-- WHAT YOU NEED TO DO --
Your answer should consist of the complete listing, repeated verbatim.

-- DATA BLOCK --
===============

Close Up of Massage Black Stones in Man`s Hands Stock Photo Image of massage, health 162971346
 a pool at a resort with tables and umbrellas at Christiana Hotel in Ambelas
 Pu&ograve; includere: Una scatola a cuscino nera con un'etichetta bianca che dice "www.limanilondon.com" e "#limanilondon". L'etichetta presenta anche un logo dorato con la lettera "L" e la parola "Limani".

===============

-- RESULT OF THE TASK --
Close Up of Massage Black Stones in Man`s Hands Stock Photo Image of massage, health 162971346
 a pool at a resort with tables and umbrellas at Christiana Hotel in Ambelas
 Pu&ograve; includere: Una scatola a cuscino nera con un'etichetta bianca che dice "www.limanilondon.com" e "#limanilondon". L'etichetta presenta anche un logo dorato con la lettera "L" e la parola "Limani".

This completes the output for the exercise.